Depois de 1933 o Candomblé nunca mais seria visto da mesma maneira. Foi nesse ano que João Alves de Torres Filho, o Joãozinho da Goméia, foi iniciado na religião pela tradição Angola. O garoto nascido em 27 de março de 1914, na cidade de Inhambupe, a 153 quilômetros de Salvador, Bahia, foi dono de personalidade que seria o combustível para tal mudança. Seria ele, o grande responsável pela popularização da religião no Brasil e ficaria conhecido como Rei do Candomblé.

Foi aos 10 anos de idade que o garoto começou a sentir fortes e inexplicáveis dores de cabeça e a sonhar constantemente com um “um homem cheio de penas”. Avisos dos orixás que o fariam buscar a iniciação na religião e tornar-se o primeiro sacerdote do Candomblé de Caboclo realmente conhecido no país. Em outra fase de sua vida, refez o santo no Terreiro do Gantois com Mãe Menininha e eternizou-se como referência nas tradições do Candomblé: Angola, Bantu e de Caboclo.

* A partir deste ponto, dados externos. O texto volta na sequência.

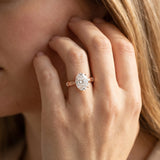 Rose gold Oval Solitaire Diamond Twisted Band with Four-Prong Setting_15
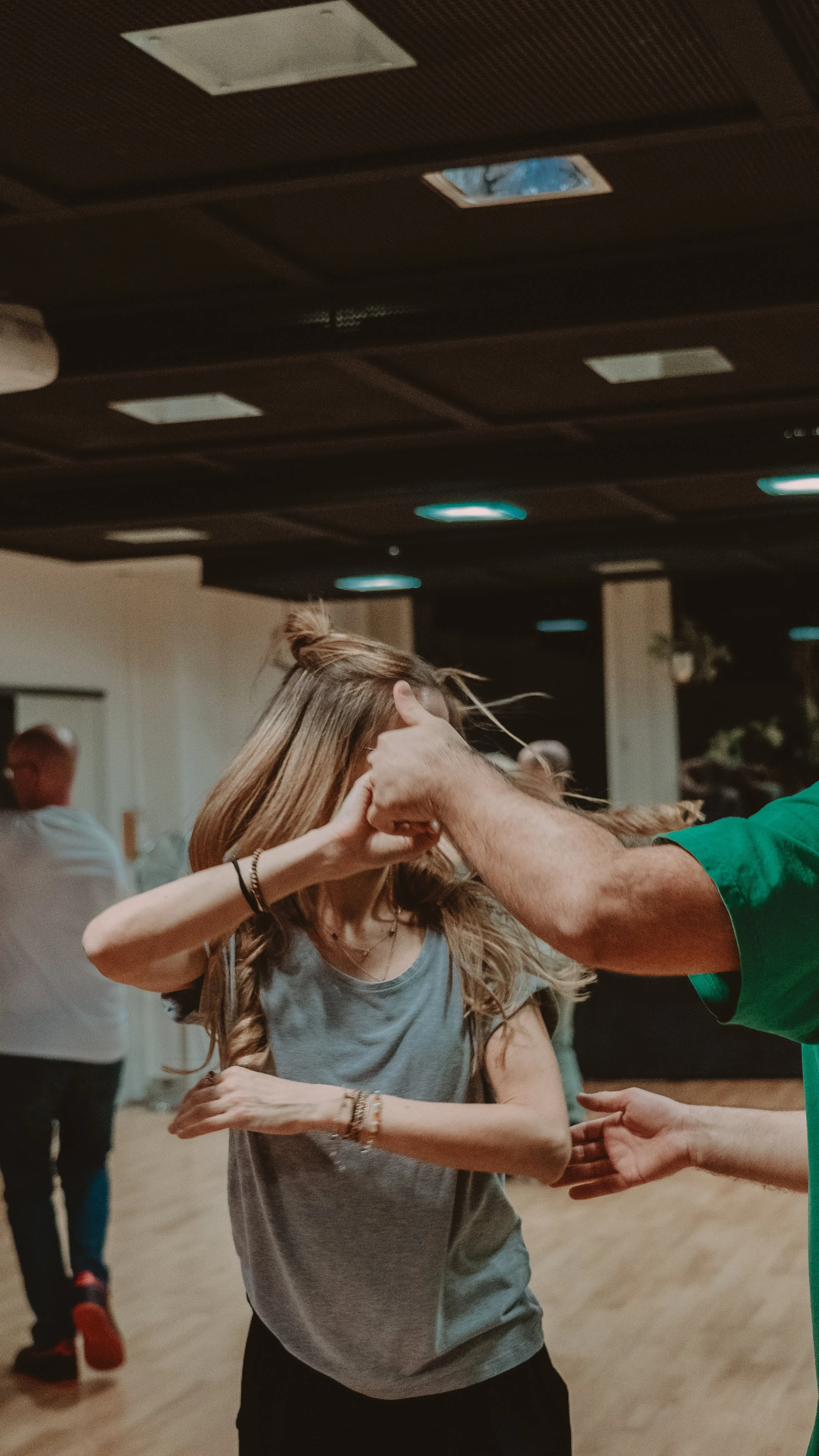 Bachasuave Dance School in Zurich - Dance moments Friday class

Preconceitos e ascensão – Negro, de personalidade irreverente à sua época e à sua envergadura como líder espiritual, Joãozinho foi homossexual assumido, compositor, dançarino, costureiro e bom garantidor de polêmicas ao apresentar as danças sagradas dos orixás em espaços públicos. Além do racismo e dos preconceitos vividos por suas escolhas de vida, sofreu críticas dos seus irmãos de religião que não admitiam um pai-de-santo se dedicar a um caboclo – espírito encantado originário das religiões indígenas, sem relação com a África -, no caso, o Caboclo Pedra Preta.

Joãozinho foi um homem com ascensão meteórica para um religioso que transgredia as regras dos chamados grandes terreiros. Sabia do poder da imprensa e nela se apoiou ao ponto de chegar a uma fama comparável somente a de Mãe Menininha do Gantois. Foi o primeiro pai-de-santo a perceber o poder da comunicação e a usá-lo para reduzir a discriminação contra o Candomblé.  Manteve relações com publicações importantes como a revista O Cruzeiro e, apesar de todo esse reconhecimento, esteve longe de ser uma unanimidade entre o povo de santo.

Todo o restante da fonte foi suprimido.